APPENDIX A
Description of Antimalarial Drugs
QUININE
Quinine was first isolated from Chinchona bark in 1820 and has since been the fundamental chemotherapeutic tool for the treatment of malaria, especially severe disease. Quinine and its dextroisomer, quinidine, are rapidly acting schizontocides that target the erythrocytic asexual stages of all malaria parasites. It is available in both oral and parenteral preparations and can be used in infants and pregnant women. Side effects include nausea, dysphoria, blurred vision, and tinnitus and typically resolve after treatment has ended. P. falciparum from most areas of the world responds well to quinine; thus, shortened courses of quinine can be used in conjunction with a second drug to reduce the likelihood of quinine-associated side effects. P. falciparum from many areas of Southeast Asia requires full-course quinine treatment in conjunction with a second drug (see Table 3-3), such as tetracycline.
CHLOROQUINE
Chloroquine is a 4-aminoquinoline derivative of quinine first synthesized in 1934. Historically, it has been the drug of choice for the treatment of nonsevere or uncomplicated malaria and for chemoprophylaxis. Chloroquine acts primarily against erythrocytic asexual stages, although it has gametocidal properties. Because of widespread resistance to this drug,
its usefulness is increasingly limited. Where chloroquine retains efficacy it can be safely used for treatment or prophylaxis of infants and pregnant women. Side effects are uncommon and not generally serious. These include nausea, headache, gastrointestinal disturbance, and blurred vision. Some patients, especially if dark skinned, experience pruritus.
AMODIAQUINE
Amodiaquine is a drug closely related to chloroquine that fell out of favor because of a high incidence of adverse reactions (including agranulocytosis and hepatitis), primarily when used for prophylaxis, and drug resistance patterns similar to chloroquine. This drug is currently being reevaluated, especially as a possible component in artesunate-containing combination-therapy regimens. Concern over toxicity remains, however.
ANTIFOL COMBINATION DRUGS
These drugs are various combinations of dihydrofolate reductase inhibitors (proguanil, chlorproguanil, pyrimethamine, and trimethoprim) and sulfa drugs (dapsone, sulfalene, sulfamethoxazole, sulfadoxine, and others). Although these drugs have antimalarial activity when used alone, parasitological resistance can develop rapidly. When used in combination, they produce a synergistic effect on the parasite and can be effective even in the presence of resistance to the individual components. Typical combinations include sulfadoxine/pyrimethamine (Fansidar), sulfalene/pyrimethamine (Metakelfin), and sulfamethoxazole/trimethoprim (cotrimoxazole).
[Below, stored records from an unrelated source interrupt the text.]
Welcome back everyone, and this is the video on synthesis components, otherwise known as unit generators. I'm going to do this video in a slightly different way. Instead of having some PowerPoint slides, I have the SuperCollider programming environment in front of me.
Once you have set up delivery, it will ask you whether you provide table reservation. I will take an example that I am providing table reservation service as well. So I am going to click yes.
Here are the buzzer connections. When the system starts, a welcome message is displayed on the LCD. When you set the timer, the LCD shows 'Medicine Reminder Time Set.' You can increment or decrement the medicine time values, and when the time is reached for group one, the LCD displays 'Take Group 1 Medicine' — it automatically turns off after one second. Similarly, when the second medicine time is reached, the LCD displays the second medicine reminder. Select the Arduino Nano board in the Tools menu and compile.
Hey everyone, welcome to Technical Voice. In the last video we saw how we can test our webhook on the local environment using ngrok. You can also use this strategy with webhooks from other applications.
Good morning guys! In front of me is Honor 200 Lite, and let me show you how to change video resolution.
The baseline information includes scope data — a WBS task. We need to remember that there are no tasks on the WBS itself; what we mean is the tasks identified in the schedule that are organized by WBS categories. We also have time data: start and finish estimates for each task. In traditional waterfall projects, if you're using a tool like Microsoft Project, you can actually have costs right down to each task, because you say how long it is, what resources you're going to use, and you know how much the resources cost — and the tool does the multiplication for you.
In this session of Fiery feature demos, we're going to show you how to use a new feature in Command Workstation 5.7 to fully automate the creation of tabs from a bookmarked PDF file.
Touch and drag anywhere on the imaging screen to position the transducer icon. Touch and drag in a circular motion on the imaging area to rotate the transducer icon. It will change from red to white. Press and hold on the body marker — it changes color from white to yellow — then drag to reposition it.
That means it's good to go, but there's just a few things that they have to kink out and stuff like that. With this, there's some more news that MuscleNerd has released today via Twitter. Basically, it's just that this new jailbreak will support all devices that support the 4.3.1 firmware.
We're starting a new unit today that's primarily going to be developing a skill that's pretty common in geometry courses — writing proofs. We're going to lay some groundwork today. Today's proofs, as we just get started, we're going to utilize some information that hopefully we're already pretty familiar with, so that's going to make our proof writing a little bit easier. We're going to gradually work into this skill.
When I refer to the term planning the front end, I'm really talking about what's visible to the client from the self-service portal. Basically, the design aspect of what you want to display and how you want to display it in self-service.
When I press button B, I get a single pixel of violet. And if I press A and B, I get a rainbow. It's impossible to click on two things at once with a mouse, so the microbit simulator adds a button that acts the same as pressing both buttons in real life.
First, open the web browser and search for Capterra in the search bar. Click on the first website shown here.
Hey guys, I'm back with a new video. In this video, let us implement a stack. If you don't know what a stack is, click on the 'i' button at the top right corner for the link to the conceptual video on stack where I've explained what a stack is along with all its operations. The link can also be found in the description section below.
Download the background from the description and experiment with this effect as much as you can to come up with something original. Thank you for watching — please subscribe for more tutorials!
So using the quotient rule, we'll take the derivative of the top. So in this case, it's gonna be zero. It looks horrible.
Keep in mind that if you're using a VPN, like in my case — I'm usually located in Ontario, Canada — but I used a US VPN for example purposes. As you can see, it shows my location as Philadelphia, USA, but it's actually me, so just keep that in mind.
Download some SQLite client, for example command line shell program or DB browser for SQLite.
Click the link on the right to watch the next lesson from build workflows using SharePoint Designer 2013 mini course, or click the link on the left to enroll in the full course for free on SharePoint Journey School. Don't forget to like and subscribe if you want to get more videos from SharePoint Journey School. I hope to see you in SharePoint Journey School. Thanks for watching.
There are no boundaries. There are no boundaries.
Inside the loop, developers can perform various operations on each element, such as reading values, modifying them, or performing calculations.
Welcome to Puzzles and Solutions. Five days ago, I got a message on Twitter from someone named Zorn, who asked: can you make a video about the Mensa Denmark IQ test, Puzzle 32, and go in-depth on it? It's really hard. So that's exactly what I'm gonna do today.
Proguanil is often used in combination with chloroquine for prophylaxis in areas of moderate chloroquine resistance, although studies suggest that minimal additional benefit is derived, especially with prolonged exposure (Lobel et al., 1993; Steffen et al., 1993). Side effects are uncommon; however, severe allergic reactions can occur. When used prophylactically among American travelers, sulfadoxine/pyrimethamine has been associated with a high incidence of severe cutaneous reactions (1 per 5,000 to 8,000 users) and mortality (1 per 11,000 to 25,000 users; Miller et al., 1986). These side effects do not appear to occur as frequently when the drug is used for treatment. Concerns about sulfa drug use during pregnancy are outweighed by the known risks to mother and fetus of untreated malaria. Finally, use of folate supplementation concurrently with antifol antimalarials may increase the frequency of treatment failure (van Hensbroek et al., 1995).
Another promising antifol combination, chlorproguanil and dapsone, is currently being tested in Africa and elsewhere. Also known as “LapDap,” this particular combination is innately more effective than sulfadoxine/ pyrimethamine (even in areas where resistance is present) and also has a much shorter elimination half-life, which may decrease the chances for development of resistance (Watkins et al., 1997; Mutabingwa et al., 2001). Conversely, the shorter half-life requires that it be given over 3 days rather than in a single dose.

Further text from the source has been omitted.